### [PROBLEM REQUIREMENTS]
Return the whole listing, keeping every character the same.

### [MATERIAL FOR THIS EXERCISE]
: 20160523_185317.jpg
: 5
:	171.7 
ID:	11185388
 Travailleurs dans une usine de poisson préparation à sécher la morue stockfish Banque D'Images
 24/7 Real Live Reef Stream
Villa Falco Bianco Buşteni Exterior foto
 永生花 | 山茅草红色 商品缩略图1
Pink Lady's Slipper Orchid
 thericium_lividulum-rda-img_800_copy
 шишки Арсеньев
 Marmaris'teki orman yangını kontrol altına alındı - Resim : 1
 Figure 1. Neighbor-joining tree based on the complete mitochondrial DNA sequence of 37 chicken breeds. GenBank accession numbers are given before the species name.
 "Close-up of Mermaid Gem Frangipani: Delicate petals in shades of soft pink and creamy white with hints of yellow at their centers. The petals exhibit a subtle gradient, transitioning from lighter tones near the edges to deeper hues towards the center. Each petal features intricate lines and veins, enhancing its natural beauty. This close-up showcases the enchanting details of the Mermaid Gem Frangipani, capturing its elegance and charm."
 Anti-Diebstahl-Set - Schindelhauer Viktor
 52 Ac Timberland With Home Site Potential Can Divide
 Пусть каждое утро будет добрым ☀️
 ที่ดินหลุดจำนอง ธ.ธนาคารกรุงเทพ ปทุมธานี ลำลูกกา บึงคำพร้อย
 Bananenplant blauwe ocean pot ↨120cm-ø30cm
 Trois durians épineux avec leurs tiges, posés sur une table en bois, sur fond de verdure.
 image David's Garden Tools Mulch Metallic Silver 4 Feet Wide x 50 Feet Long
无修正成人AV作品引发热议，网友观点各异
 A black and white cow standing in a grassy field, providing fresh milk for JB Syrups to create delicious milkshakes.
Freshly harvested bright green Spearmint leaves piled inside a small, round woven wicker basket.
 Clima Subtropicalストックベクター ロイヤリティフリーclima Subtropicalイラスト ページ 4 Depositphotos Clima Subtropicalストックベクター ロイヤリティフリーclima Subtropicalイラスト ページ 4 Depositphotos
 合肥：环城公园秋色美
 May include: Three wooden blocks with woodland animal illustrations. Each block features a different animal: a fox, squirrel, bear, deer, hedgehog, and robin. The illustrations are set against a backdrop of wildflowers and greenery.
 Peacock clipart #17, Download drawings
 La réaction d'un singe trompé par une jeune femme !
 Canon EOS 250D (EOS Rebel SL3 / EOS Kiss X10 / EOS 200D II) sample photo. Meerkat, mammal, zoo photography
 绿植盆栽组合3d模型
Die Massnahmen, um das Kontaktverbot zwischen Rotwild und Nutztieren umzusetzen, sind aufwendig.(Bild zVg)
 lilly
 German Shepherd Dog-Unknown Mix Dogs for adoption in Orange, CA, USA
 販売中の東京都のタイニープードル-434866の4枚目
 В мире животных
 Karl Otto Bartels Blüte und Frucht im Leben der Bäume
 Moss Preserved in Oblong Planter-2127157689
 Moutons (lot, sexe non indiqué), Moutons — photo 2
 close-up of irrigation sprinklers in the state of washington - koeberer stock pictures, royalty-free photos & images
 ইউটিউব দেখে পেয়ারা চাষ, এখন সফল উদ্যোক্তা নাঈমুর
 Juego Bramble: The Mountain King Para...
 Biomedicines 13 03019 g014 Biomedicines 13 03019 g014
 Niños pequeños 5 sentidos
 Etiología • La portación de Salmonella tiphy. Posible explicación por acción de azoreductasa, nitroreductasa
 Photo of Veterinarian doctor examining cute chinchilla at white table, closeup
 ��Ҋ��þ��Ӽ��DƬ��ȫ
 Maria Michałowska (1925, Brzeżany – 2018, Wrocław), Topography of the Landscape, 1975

### [REPLY TO THE EXERCISE]
: 20160523_185317.jpg
: 5
:	171.7 
ID:	11185388
 Travailleurs dans une usine de poisson préparation à sécher la morue stockfish Banque D'Images
 24/7 Real Live Reef Stream
Villa Falco Bianco Buşteni Exterior foto
 永生花 | 山茅草红色 商品缩略图1
Pink Lady's Slipper Orchid
 thericium_lividulum-rda-img_800_copy
 шишки Арсеньев
 Marmaris'teki orman yangını kontrol altına alındı - Resim : 1
 Figure 1. Neighbor-joining tree based on the complete mitochondrial DNA sequence of 37 chicken breeds. GenBank accession numbers are given before the species name.
 "Close-up of Mermaid Gem Frangipani: Delicate petals in shades of soft pink and creamy white with hints of yellow at their centers. The petals exhibit a subtle gradient, transitioning from lighter tones near the edges to deeper hues towards the center. Each petal features intricate lines and veins, enhancing its natural beauty. This close-up showcases the enchanting details of the Mermaid Gem Frangipani, capturing its elegance and charm."
 Anti-Diebstahl-Set - Schindelhauer Viktor
 52 Ac Timberland With Home Site Potential Can Divide
 Пусть каждое утро будет добрым ☀️
 ที่ดินหลุดจำนอง ธ.ธนาคารกรุงเทพ ปทุมธานี ลำลูกกา บึงคำพร้อย
 Bananenplant blauwe ocean pot ↨120cm-ø30cm
 Trois durians épineux avec leurs tiges, posés sur une table en bois, sur fond de verdure.
 image David's Garden Tools Mulch Metallic Silver 4 Feet Wide x 50 Feet Long
无修正成人AV作品引发热议，网友观点各异
 A black and white cow standing in a grassy field, providing fresh milk for JB Syrups to create delicious milkshakes.
Freshly harvested bright green Spearmint leaves piled inside a small, round woven wicker basket.
 Clima Subtropicalストックベクター ロイヤリティフリーclima Subtropicalイラスト ページ 4 Depositphotos Clima Subtropicalストックベクター ロイヤリティフリーclima Subtropicalイラスト ページ 4 Depositphotos
 合肥：环城公园秋色美
 May include: Three wooden blocks with woodland animal illustrations. Each block features a different animal: a fox, squirrel, bear, deer, hedgehog, and robin. The illustrations are set against a backdrop of wildflowers and greenery.
 Peacock clipart #17, Download drawings
 La réaction d'un singe trompé par une jeune femme !
 Canon EOS 250D (EOS Rebel SL3 / EOS Kiss X10 / EOS 200D II) sample photo. Meerkat, mammal, zoo photography
 绿植盆栽组合3d模型
Die Massnahmen, um das Kontaktverbot zwischen Rotwild und Nutztieren umzusetzen, sind aufwendig.(Bild zVg)
 lilly
 German Shepherd Dog-Unknown Mix Dogs for adoption in Orange, CA, USA
 販売中の東京都のタイニープードル-434866の4枚目
 В мире животных
 Karl Otto Bartels Blüte und Frucht im Leben der Bäume
 Moss Preserved in Oblong Planter-2127157689
 Moutons (lot, sexe non indiqué), Moutons — photo 2
 close-up of irrigation sprinklers in the state of washington - koeberer stock pictures, royalty-free photos & images
 ইউটিউব দেখে পেয়ারা চাষ, এখন সফল উদ্যোক্তা নাঈমুর
 Juego Bramble: The Mountain King Para...
 Biomedicines 13 03019 g014 Biomedicines 13 03019 g014
 Niños pequeños 5 sentidos
 Etiología • La portación de Salmonella tiphy. Posible explicación por acción de azoreductasa, nitroreductasa
 Photo of Veterinarian doctor examining cute chinchilla at white table, closeup
 ��Ҋ��þ��Ӽ��DƬ��ȫ
 Maria Michałowska (1925, Brzeżany – 2018, Wrocław), Topography of the Landscape, 1975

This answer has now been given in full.